The finding echoes past research, which found that teaching and non-research-related administrative tasks have a greater impact on women’s careers than men’s, says Elizabeth Pollitzer, director of Portia, a non-profit organization in London that seeks to address gender issues in science.
If men spend more time on research, this could improve their career prospects when research productivity is used as a proxy for scientific merit, “which is nearly always”, says Pollitzer. It could also help to explain why many bibliometric studies have reported lower research productivity for women than for men, she adds.
In interviews following up on the survey, academics suggested that women’s increased focus on teaching and public engagement might put them at a disadvantage, not only because these activities take time away from research, but also because they carry less academic prestige.
Time allocation was self-reported, so it may not accurately reflect real workload, says Meg Urry, an astronomer at Yale University in New Haven, Connecticut, and an advocate for women’s advancement in science. The results could instead reflect the fact that women, more than men, place a high priority on teaching, says Urry. But no one knows what balance of teaching and research is best for science overall, she adds.
The report recommends that institutions examine whether there is a gender difference in how responsibilities are allocated within departments and examine whether their current workload allocation systems are benefiting all staff. The authors also recommend that promotion criteria should include performance in teaching and other non-research academic areas.
Significant differences emerged in men and women’s perceptions of how much support and encouragement they receive. Women were more likely to report that men have better access to professional development, such as mentoring, than women have, and that men receive more invitations to conferences. Men tended to see no such advantage for themselves.
Similarly, almost half of men — 47.3% — believed that neither gender found it easier to obtain a senior post; just 23% of women agreed. Meanwhile, 59.7% of men reported that they had been encouraged or invited to apply for a promotion or a higher-grade job, compared with 48.8% of female respondents.
Academics who belong to more than one minority group, reported being at the greatest disadvantage. Black or minority-ethnic women were the least likely to be in a senior position, such as the head of their school, division or department, and also the least likely to report having been formally invited for promotion or encouraged to undertake activities that would develop their careers.

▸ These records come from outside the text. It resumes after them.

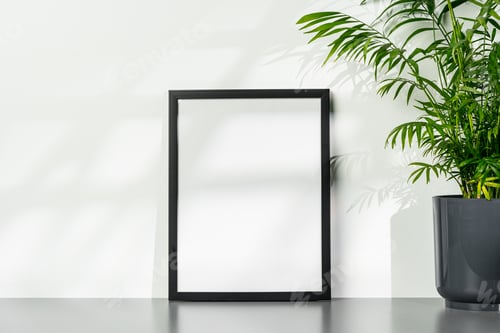 Preview: Black wooden photo frame and plant on gray background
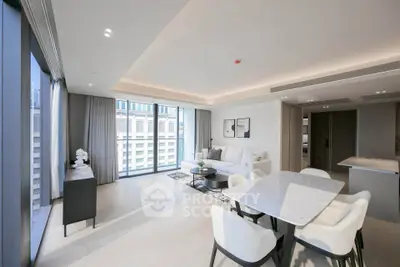 Luxurious modern living room with open dining area and large windows offering city views.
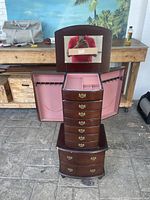 Full view of dark wood, tall and narrow jewelry cabinet with fliptop lid and mirror. Sides open with hooks for hanging necklaces. Eight drawers shown with brass handles.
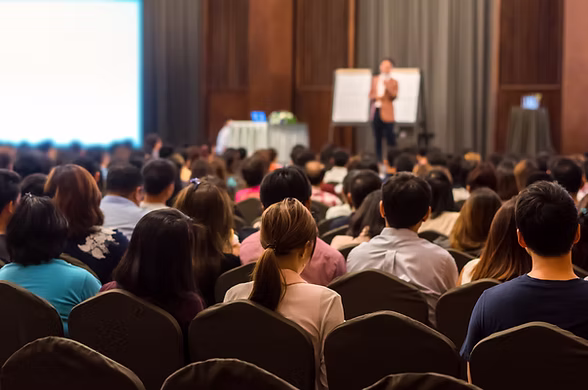 conference attendees watch speaker present in a large room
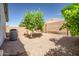 Backyard featuring gravel, a young tree, brick wall, and A/C unit, all under a clear blue sky at 13416 W Ventura St, Surprise, AZ 85379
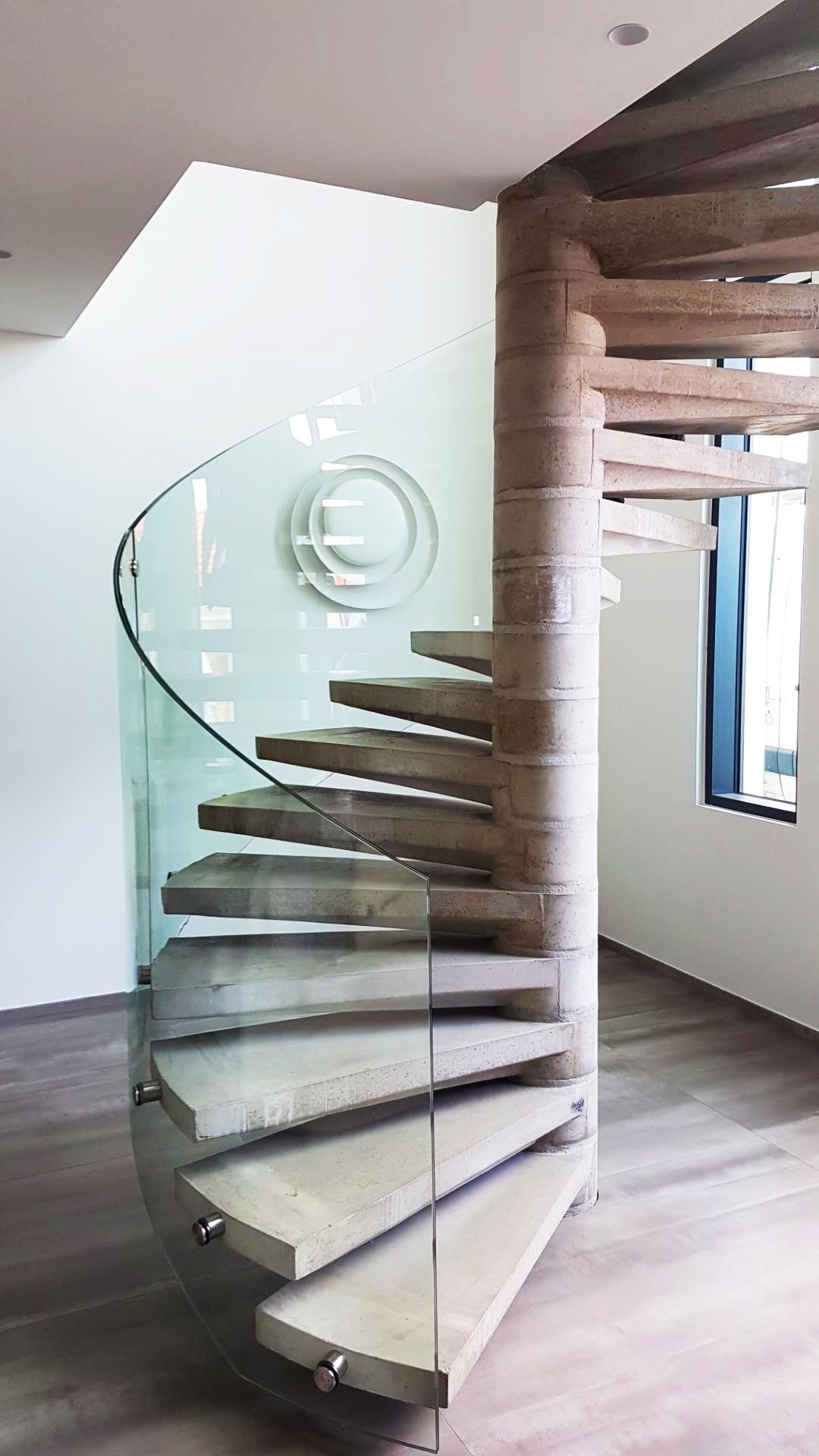 Escalier en colimaçon avec marches en bois, rampe en verre et colonne centrale texturée dans une maison moderne.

The survey is the first in the long-standing Athena Survey of Science, Engineering and Technology (ASSET) series to describe how gender and four other characteristics — ethnicity, sexual orientation, disability and age — intersect. “The survey shows clearly the heavier impact of multiple categories of disadvantage,” says Urry. “Women do worse than men, people of colour do worse than white people and women of colour get a double whammy. Ditto with respect to the LGBTQ community, the disabled and other minority groups.”